Policiers brûlés à Viry-Châtillon : trois condamnés se pourvoient en cassation
Publié : 22 avril 2021 à 8h15 par Iris Mazzacurati
Les trois hommes condamnés à 18 ans de prison pour avoir attaqué et brûlé des policiers à Viry-Châtillon en 2016, se sont pourvus en cassation.
Au terme de six semaines de procès à huis clos, la cour d'assises des mineurs de Paris a déclaré dimanche 18 avril, cinq des 13 accusés coupables de tentative de meurtre sur des policiers. Trois d'entre eux, qui avaient été condamnés à 18 ans de réclusion, se sont pourvus en cassation.
Ce verdict a été dénoncé comme trop clément par les syndicats de policiers, les avocats des victimes et de nombreux responsables politiques, même si la défense proteste contre la probité de l'enquête.
"C'est une erreur judiciaire, on a mis des innocents en prison car il fallait des noms à tout prix", regrette Me Sarah Mauger-Poliak, avocate d'un jeune acquitté à deux reprises.

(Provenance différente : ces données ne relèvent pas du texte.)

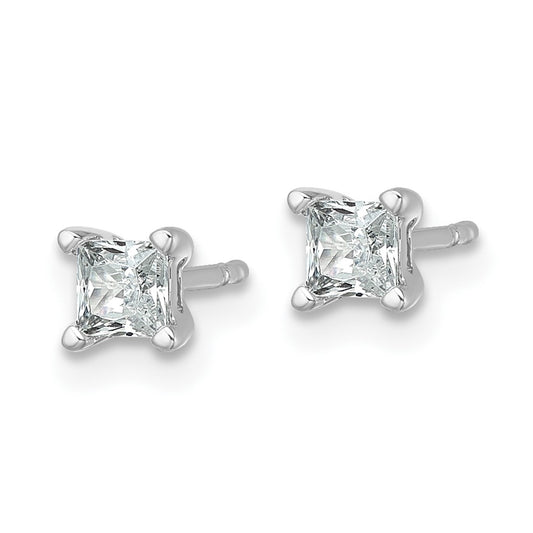 14k White Gold 1/2 carat Lab Grown Diamond VS/SI+ G+ Princess Complete Four Prong Stud Earrings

Selon la défense, les interrogatoires auraient été mal retranscrits, à la défaveur des accusés.
Ces critiques ont fait réagir le directeur général de la police nationale Frédéric Veaux qui a pris la défense des enquêteurs : "Je les soutiens de toutes mes forces quoi qu'il arrive et quoi qu'on dise. Je les défends et je les défendrai", a-t-il déclaré mercredi à l'AFP.
Plusieurs avocats affirment qu'un témoin central, qui était mis en cause au début de l'enquête, a expliqué à la barre, lors du procès en appel à huis clos, qu'il souffrait d'une addiction à la codéine et que lors de sa garde à vue, il était "en manque" et avait eu une "crise de panique".

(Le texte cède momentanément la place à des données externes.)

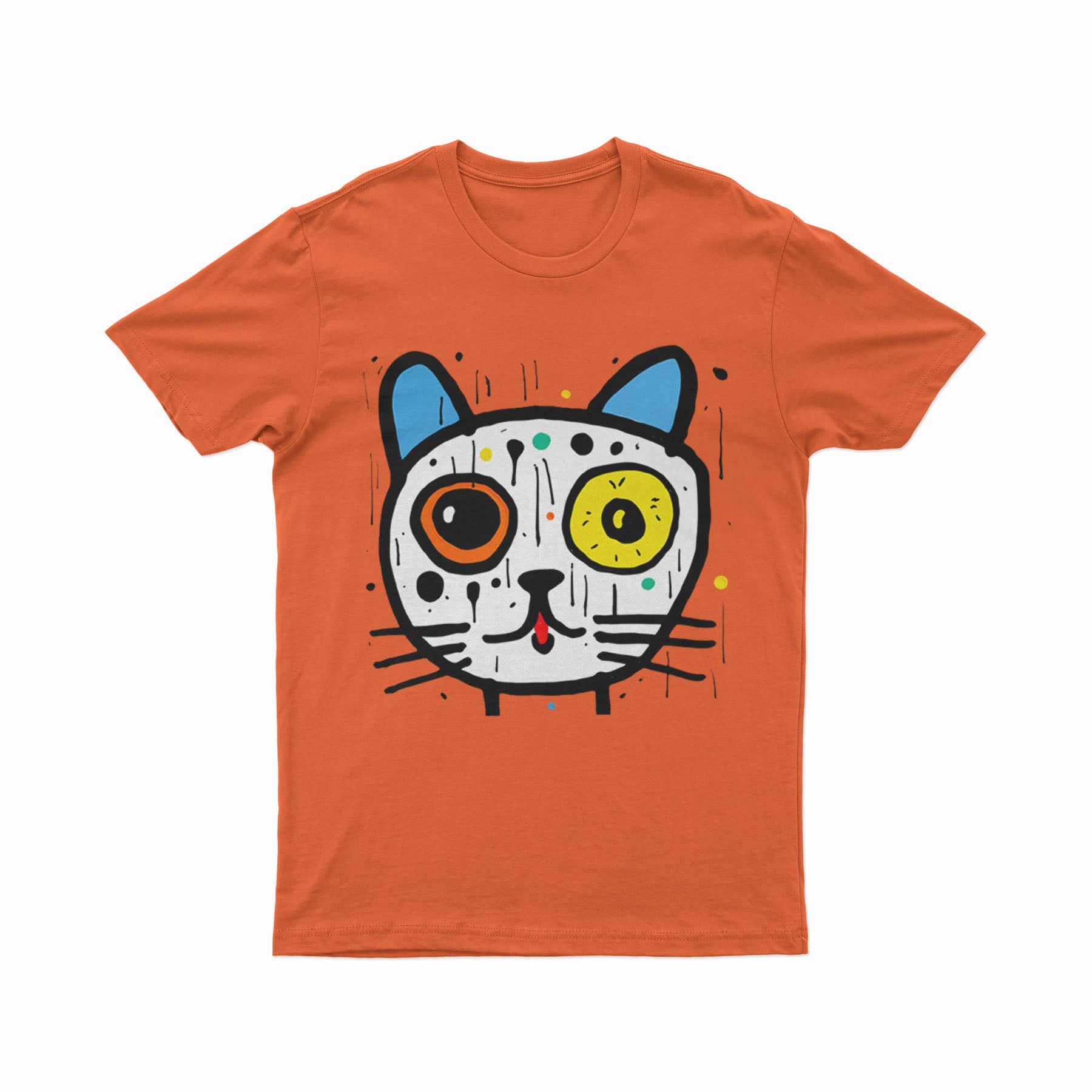 Abstract Neon Cat T-Shirt – Lightweight & Breathable Artistic Tee for Summer & Everyday Wear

Cet élément ne figurait pas dans le dossier, selon les avocats de la défense. A la barre, le témoin aurait reconnu avoir "dit de la merde pour se sortir de la merde".

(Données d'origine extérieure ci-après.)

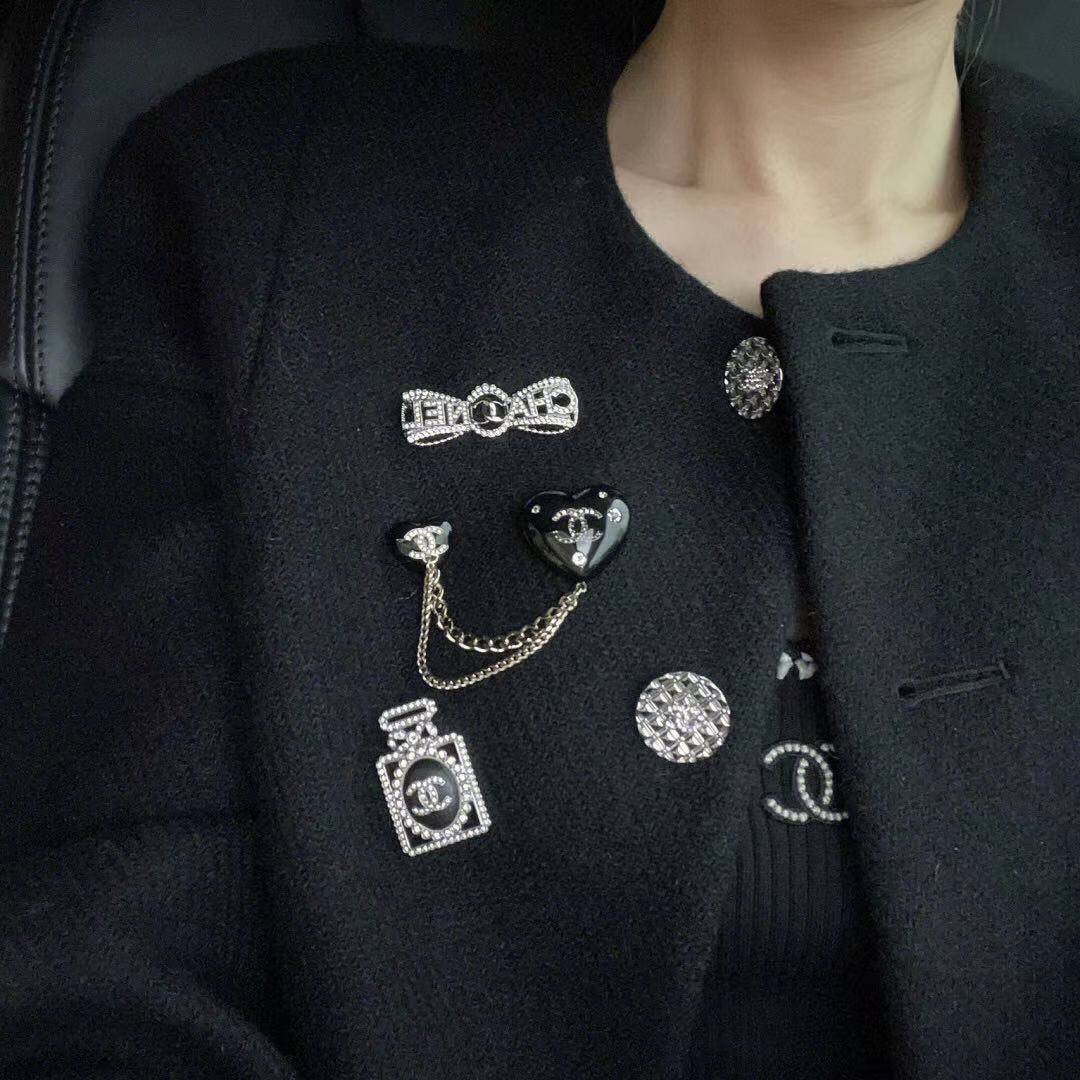 Ch**el lambskin perfume bottle brooch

"Sur le procès-verbal, on a l'impression que le témoin désigne mon client de manière directe. Mais sur la vidéo (de la garde à vue à laquelle les avocats ont eu accès, ndlr), on voit qu'il ne fait qu'acquiescer aux questions des policiers", explique Me Simonard, conseil d'un jeune deux fois acquitté.
"Mon client a fait 34 mois de détention provisoire sur la base d'une enquête déloyale. En première instance, le parquet avait même requis 30 ans contre lui", ajoute-t-il.
Les enquêteurs "ne cherchaient pas les coupables mais des coupables".
Me Frédérick Petipermon, avocat d'un des accusés qui se pourvoit en cassation, a indiqué à l'AFP avoir déposé une plainte contre les enquêteurs pour "faux et usage de faux". Contacté, le parquet d'Evry a précisé n'avoir pas encore reçu la plainte.
D'autres avocates, Sarah Mauger-Poliak et Yaël Scemama, ont également exprimé leur intention d'attaquer les enquêteurs en justice : "Les policiers ont transmis 15 pages d'audition de mon client aux magistrats quand ils auraient dû en transmettre 245", affirme Me Mauger-Poliak à l'AFP, confirmant des informations révélées mercredi par Mediapart.
"Ses propos, où ils mettaient formellement hors de cause un autre acquitté, ont disparu", appuie-t-elle.
"Ce sont des juges d'instruction qui détenaient l'ensemble du dossier et de tous les éléments d'enquête, y compris les enregistrements des auditions, qui ont décidé du renvoi des accusés devant une cour d'assises", a réagi auprès de l'AFP Me Laurent-Franck Lienard, avocat de deux des victimes.
Un des jeunes acquittés dimanche a déclaré à Mediapart que les enquêteurs "ne cherchaient pas les coupables mais des coupables".
Des propos erronés
A l'inverse, une partie de la classe politique a dénoncé un verdict léger et des propos prêtés à l'avocat général qui avait requis 12 peines allant de 12 à 25 ans de réclusion et un acquittement.
Dans un entretien au Figaro dimanche, Me Thibault de Montbrial, avocat d'une victime, avait assuré que l'avocat général avait dit aux accusés "qu'ils constituaient à ses yeux "une richesse pour le pays"".
Une déclaration qui a suscité de nombreux commentaires à droite et à l'extrême droite. La procureure générale de Paris Catherine Champrenault a regretté mercredi la diffusion de "propos erronés".
"La déformation publique, parcellaire et trompeuse, des propos d'un magistrat, par des personnes manifestement animées d'une intention de nuire et dont certains n'ont pas assisté aux débats, constitue une nouvelle tentative de déstabilisation de l'institution judiciaire", a-t-elle dénoncé dans un communiqué.